◆ Your objective ◆
From the entries below, return exactly the lines beginning at the one that contains "Colonne de porteurs" and ending at the one that contains "Image 5 Progress", both of them included, and only those lines.
═══
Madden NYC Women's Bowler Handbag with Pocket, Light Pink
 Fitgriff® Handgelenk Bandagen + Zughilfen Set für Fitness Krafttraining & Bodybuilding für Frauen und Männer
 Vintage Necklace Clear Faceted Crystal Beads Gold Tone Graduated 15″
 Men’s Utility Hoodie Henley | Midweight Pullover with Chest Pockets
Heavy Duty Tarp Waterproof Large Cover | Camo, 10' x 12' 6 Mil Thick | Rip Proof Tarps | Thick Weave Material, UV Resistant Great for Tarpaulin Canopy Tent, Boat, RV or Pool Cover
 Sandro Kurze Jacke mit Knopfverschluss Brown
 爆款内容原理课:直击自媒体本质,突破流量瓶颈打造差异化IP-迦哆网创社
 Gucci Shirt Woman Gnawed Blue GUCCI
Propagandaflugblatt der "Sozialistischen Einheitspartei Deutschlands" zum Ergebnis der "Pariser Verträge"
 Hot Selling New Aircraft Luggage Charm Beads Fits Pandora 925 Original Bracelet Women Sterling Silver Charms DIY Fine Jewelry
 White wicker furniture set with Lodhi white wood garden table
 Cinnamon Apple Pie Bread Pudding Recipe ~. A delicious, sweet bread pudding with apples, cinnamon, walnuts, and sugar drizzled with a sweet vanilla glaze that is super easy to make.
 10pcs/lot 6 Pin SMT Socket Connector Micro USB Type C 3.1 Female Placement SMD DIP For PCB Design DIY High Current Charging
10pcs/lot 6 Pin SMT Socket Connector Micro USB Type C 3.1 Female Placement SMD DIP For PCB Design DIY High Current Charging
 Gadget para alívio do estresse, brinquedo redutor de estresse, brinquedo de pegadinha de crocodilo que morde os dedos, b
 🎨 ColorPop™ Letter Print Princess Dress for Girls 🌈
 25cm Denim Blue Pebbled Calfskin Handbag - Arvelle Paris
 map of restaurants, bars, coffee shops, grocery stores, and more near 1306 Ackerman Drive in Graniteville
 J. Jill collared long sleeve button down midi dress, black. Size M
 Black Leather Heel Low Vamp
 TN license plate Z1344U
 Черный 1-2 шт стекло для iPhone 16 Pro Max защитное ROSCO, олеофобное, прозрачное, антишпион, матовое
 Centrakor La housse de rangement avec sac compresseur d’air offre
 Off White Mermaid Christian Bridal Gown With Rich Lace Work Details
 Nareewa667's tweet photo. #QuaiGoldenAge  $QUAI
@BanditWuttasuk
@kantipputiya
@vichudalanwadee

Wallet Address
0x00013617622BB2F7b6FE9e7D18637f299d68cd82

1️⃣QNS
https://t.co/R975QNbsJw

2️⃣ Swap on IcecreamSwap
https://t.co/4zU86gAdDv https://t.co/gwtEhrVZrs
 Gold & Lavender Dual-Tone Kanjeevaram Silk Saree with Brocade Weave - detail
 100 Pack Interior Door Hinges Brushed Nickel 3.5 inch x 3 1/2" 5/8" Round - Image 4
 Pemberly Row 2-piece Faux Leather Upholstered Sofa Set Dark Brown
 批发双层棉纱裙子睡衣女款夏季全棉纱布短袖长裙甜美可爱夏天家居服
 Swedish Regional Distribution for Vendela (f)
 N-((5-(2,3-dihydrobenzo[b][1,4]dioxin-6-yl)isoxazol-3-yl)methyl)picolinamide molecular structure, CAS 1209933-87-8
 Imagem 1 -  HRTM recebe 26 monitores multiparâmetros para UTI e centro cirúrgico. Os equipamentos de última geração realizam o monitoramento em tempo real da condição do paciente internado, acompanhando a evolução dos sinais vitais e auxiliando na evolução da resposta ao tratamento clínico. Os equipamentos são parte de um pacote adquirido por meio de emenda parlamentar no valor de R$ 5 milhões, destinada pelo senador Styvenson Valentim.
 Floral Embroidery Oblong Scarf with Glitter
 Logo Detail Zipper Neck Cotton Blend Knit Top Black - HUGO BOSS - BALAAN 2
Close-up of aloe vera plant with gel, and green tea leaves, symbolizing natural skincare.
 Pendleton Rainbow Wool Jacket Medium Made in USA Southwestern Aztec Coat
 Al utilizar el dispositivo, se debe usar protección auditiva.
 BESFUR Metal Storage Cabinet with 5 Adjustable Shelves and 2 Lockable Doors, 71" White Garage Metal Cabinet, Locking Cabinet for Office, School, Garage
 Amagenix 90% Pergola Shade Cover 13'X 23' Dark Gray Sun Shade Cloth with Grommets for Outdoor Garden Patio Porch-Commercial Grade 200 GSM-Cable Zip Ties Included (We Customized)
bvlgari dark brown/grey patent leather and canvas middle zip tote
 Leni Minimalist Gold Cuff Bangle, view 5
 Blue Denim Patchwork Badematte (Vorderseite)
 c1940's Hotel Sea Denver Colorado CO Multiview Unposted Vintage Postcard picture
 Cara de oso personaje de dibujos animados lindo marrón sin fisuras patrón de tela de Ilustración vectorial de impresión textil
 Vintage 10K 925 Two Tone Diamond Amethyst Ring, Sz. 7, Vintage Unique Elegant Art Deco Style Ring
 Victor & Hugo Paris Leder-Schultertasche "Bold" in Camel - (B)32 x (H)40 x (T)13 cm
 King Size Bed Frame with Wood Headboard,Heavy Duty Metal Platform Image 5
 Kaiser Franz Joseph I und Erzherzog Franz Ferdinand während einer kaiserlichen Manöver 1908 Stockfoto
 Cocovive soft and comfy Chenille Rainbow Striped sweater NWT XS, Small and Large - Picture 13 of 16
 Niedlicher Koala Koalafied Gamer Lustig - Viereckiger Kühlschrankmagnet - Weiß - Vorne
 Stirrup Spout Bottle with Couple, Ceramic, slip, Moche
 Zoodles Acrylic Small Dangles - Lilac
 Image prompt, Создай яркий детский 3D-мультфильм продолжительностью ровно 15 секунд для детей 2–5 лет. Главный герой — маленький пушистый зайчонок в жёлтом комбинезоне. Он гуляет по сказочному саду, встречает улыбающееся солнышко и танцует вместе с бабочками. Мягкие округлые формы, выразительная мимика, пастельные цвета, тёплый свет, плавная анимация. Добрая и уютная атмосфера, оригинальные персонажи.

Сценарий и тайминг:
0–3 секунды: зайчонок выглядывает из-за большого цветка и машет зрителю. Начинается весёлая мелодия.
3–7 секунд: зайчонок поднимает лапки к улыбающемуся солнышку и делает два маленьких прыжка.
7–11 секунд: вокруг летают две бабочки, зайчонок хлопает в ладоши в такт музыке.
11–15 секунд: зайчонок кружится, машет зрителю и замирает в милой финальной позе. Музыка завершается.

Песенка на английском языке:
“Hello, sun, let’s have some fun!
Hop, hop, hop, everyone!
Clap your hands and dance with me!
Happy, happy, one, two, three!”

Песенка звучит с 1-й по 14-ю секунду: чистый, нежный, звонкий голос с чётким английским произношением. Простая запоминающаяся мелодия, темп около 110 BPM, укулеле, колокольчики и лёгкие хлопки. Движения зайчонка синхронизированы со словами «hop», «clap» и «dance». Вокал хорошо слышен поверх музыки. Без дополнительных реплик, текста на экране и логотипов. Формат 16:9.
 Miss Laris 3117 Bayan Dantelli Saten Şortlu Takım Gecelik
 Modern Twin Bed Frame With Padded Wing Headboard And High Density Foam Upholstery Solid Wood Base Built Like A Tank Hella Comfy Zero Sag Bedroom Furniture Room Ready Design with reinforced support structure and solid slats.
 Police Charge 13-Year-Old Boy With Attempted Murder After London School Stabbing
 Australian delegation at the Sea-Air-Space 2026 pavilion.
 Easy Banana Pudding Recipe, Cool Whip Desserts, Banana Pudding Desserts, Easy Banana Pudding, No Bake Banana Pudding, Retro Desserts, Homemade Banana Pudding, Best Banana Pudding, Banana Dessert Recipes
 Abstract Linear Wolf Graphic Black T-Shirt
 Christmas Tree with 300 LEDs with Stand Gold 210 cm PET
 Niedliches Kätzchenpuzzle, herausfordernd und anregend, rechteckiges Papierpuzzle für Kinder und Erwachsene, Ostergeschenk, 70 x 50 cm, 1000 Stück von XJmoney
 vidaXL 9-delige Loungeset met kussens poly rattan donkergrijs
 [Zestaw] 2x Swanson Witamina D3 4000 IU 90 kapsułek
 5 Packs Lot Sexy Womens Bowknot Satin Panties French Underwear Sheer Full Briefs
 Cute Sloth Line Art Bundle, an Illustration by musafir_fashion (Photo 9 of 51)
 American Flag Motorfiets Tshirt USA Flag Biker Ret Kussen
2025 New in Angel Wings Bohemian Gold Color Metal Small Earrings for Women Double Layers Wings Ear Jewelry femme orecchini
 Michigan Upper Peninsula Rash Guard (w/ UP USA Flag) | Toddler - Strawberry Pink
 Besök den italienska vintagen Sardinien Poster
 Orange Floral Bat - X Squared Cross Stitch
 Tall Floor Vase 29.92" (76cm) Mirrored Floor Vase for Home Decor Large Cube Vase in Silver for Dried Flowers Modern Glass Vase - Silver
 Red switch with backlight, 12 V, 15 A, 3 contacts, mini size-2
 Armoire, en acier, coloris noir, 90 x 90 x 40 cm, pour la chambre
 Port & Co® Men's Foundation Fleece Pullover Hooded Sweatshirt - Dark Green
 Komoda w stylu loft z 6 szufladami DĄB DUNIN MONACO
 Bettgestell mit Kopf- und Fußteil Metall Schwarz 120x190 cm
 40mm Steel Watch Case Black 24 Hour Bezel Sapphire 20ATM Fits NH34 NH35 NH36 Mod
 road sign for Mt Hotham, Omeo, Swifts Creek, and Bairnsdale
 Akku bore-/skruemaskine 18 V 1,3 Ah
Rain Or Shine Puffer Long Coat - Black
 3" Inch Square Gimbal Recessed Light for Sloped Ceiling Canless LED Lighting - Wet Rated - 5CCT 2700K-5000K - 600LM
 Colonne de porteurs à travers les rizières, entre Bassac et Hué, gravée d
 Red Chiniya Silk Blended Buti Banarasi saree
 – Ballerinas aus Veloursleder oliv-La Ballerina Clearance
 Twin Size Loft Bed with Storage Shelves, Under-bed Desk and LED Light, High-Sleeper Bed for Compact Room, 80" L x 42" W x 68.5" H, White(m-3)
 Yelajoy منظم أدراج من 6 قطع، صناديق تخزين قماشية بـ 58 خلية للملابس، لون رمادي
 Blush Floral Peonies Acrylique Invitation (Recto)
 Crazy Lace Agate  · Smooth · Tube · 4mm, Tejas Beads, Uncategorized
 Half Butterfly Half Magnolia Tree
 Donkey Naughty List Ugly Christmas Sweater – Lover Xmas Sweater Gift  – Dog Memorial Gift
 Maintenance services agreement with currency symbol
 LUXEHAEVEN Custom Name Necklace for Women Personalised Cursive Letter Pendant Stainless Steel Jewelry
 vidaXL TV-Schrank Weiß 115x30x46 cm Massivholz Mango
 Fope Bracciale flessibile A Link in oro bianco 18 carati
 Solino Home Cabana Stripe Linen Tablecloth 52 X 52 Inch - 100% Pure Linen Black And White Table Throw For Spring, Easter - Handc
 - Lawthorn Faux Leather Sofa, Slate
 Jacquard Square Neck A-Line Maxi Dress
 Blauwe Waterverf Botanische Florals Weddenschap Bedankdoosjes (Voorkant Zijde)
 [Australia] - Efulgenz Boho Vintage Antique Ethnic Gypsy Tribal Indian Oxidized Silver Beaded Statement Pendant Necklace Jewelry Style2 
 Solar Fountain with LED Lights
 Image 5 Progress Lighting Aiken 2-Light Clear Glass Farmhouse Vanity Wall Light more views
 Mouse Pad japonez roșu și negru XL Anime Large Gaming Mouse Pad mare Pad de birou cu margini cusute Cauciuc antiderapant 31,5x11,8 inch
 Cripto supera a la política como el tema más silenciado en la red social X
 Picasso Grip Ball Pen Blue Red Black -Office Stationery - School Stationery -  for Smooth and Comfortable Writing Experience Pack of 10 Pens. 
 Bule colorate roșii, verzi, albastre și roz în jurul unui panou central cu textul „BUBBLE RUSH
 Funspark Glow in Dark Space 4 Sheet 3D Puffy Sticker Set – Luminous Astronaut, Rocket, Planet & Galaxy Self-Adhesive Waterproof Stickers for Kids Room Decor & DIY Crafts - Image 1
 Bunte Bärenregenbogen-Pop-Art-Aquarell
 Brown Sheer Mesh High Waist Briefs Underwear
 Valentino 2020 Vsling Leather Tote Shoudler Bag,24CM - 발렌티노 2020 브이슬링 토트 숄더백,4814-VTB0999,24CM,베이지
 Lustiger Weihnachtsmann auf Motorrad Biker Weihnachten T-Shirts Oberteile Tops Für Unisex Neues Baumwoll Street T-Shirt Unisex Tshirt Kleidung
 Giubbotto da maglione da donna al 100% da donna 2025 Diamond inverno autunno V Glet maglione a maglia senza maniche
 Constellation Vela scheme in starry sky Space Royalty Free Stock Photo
═══
◆ Solution ◆
 Colonne de porteurs à travers les rizières, entre Bassac et Hué, gravée d
 Red Chiniya Silk Blended Buti Banarasi saree
 – Ballerinas aus Veloursleder oliv-La Ballerina Clearance
 Twin Size Loft Bed with Storage Shelves, Under-bed Desk and LED Light, High-Sleeper Bed for Compact Room, 80" L x 42" W x 68.5" H, White(m-3)
 Yelajoy منظم أدراج من 6 قطع، صناديق تخزين قماشية بـ 58 خلية للملابس، لون رمادي
 Blush Floral Peonies Acrylique Invitation (Recto)
 Crazy Lace Agate  · Smooth · Tube · 4mm, Tejas Beads, Uncategorized
 Half Butterfly Half Magnolia Tree
 Donkey Naughty List Ugly Christmas Sweater – Lover Xmas Sweater Gift  – Dog Memorial Gift
 Maintenance services agreement with currency symbol
 LUXEHAEVEN Custom Name Necklace for Women Personalised Cursive Letter Pendant Stainless Steel Jewelry
 vidaXL TV-Schrank Weiß 115x30x46 cm Massivholz Mango
 Fope Bracciale flessibile A Link in oro bianco 18 carati
 Solino Home Cabana Stripe Linen Tablecloth 52 X 52 Inch - 100% Pure Linen Black And White Table Throw For Spring, Easter - Handc
 - Lawthorn Faux Leather Sofa, Slate
 Jacquard Square Neck A-Line Maxi Dress
 Blauwe Waterverf Botanische Florals Weddenschap Bedankdoosjes (Voorkant Zijde)
 [Australia] - Efulgenz Boho Vintage Antique Ethnic Gypsy Tribal Indian Oxidized Silver Beaded Statement Pendant Necklace Jewelry Style2 
 Solar Fountain with LED Lights
 Image 5 Progress Lighting Aiken 2-Light Clear Glass Farmhouse Vanity Wall Light more views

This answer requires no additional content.